Dans le train qui m’emporte vers Nancy tout le monde est ivre.

La mobilisation générale n’est pas encore proclamée, mais les convocations individuelles ont touché des milliers de réservistes qui gagnent les dépôts de leur régiment. Il y en a de tous les âges. Je m’étonne d’en apercevoir qui portent bien quarante ans. Dans le même compartiment que moi est monté un homme de 38 ans, canonnier à Toul, convoqué dès avant-hier. Sont également montés deux Polytechniciens, d’un entrain endiablé, un médecin lugubre et tout entier abandonné à la Peur, et un jeune sous-lieutenant de Dragons insouciant, au teint rose, qui va à la guerre comme à une chasse à courre.

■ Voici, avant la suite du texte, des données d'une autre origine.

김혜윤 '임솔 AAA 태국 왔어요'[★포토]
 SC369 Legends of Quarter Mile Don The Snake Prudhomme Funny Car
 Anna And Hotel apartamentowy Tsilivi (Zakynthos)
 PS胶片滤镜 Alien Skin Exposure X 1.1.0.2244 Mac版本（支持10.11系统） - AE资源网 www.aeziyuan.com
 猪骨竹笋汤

Au moment où le train, regorgeant de monde, quitte la gare de l’Est, la foule qui l’occupe et celle qui encombre la gare entonnent la Marseillaise sur tous les tons. C’est hurlé, c’est « gueulé ». C’est pénible. La marche est scandée du cri : « A Berlin !… A Berlin ! » On entend les bouteilles aller se briser sur les voies latérales. Une odeur de vin emplit l’atmosphère.

Le train marche à bonne allure. A la Marseillaise, ont succédé des romances sentimentales, des chansons de café-concert. A chaque passage à niveau, à chaque gare une foule compacte encombre les abords de la voie. Les cris redoublent : « A Berlin !…A Berlin ! »

Et puis la nuit vient et les chants se calment.

A partir de 8h du soir (nous sommes partis à 5h30) le train avance avec une extrême lenteur. Tous les deux ou trois cents mètres il stoppe. Derrière lui s’allonge l’interminable file de wagons de cinq ou six autres convois.

A Bar-le-Duc où nous arrivons à 3h du matin nous apprenons que la mobilisation générale vient d’être ordonnée. Des bruits circulent : un garde-champêtre, première victime de la guerre, a été tué hier soir par les Allemands à Sainte-Marie-aux-Chênes. A cette nouvelle, des vociférations s’élèvent des wagons où je croyais tout le monde endormi. « A Berlin ! A Berlin ! » Du sang a coulé : les voilà ivres de sang… parce qu’ils n’ont plus de vin à boire.

Au petit jour je remarque que la voie est gardée par des espèces de gardes nationaux vêtus de costumes mi-civils, mi-militaires. La plupart ont une capote réglementaire, mais beaucoup ont comme coiffure une casquette de cycliste ou un chapeau mou, voire un chapeau de paille. Ces braves gens ne prêtent pas à rire : ils sont, le fusil à la main, d’une gravité, d’un sérieux émouvants.

A Toul, la gare est envahie de dragons, d’artilleurs, de canons, de caissons, de chevaux. Beaucoup d’ordre dans tout cela. Détail frappant : les employés de la gare font la toilette des quais, les arrosent et les balaient. Bon signe.

Des fantassins gardent chaque pont, chaque aiguille, presque chaque poteau télégraphique.